PKセーブの極意は「目力で相手を威圧するくらい」

 そんな川口らしさが存分に発揮されてきたシーンと言えば、PKの場面だろう。チームにとって絶体絶命と言える試合中のPKシーン、あるいは120分の死闘を経て迎えた勝負を分けるPK戦において、川口はキャリアの中で多くの記憶に残るセーブを見せてきた。

 なかでも“神セーブ”として今も語り継がれるのが、2004年7月31日に中国の重慶で行われたアジアカップ準々決勝、ヨルダン戦でのPK戦だ。120分の死闘を1-1で終え、迎えたPK戦でも日本は大苦戦。1人目の中村俊輔(現・ジュビロ磐田)、2人目の三都主アレサンドロが連続で失敗。さらにPK戦の最中に芝が荒れていることからサイド変更が行われるなど、GKにとっては集中力を保つのが難しい状況が訪れていた。だが川口は、この絶体絶命の状況のなかで神懸かり的セーブを連発していく。7人目までもつれ込んだPK戦を4-3で制する立役者となった。

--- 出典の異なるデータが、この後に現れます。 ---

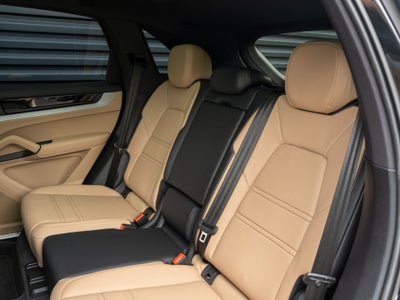 2024 Porsche Cayenne Base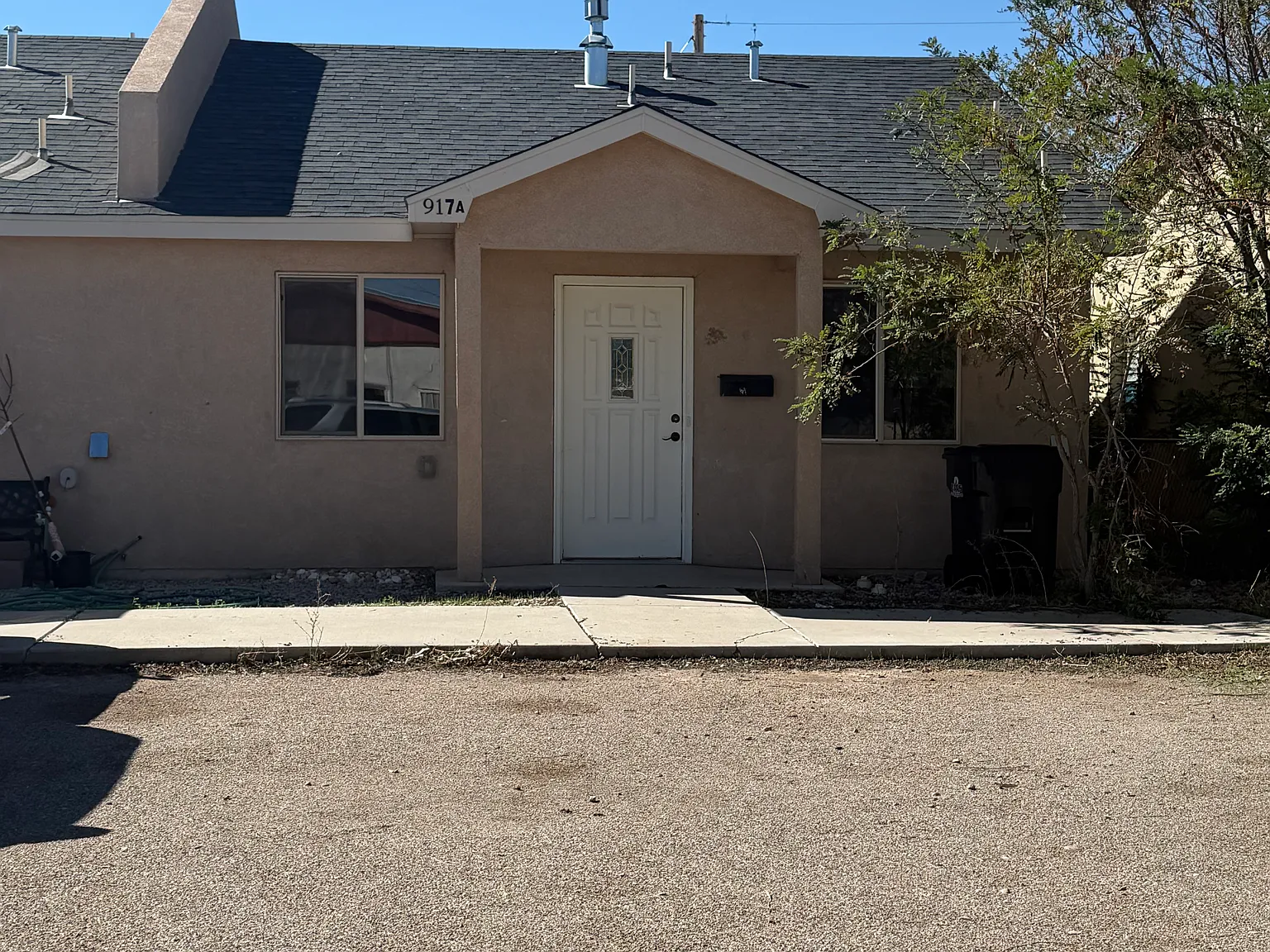 2 bed, $1,000 — Photo 1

 引退会見でこうした「PKストップの極意」について聞かれた川口は、「特にないですね(笑)」と答えつつも、“炎の守護神”らしい言葉でつないだ。

「目力で相手を威圧するくらいですからね。最近、キッカーの質も非常に上がっていますし、PKを止めるGKも増えている。特にコツというのはないですね。相手をいかに威圧するかだと思います」

 相手キッカーがボールをセットする姿を、ゴールマウスからじっと睨みつける――。11メートルの距離で向かい合う1対1の果たし合いで、川口が最も大切にしたのは「目力」だったという。

 絶体絶命のピンチでも動じない「不動のメンタル」と「目力で相手を威圧する」。現役引退会見で語られた言葉には、多くのファンに愛された川口らしさがあふれていた。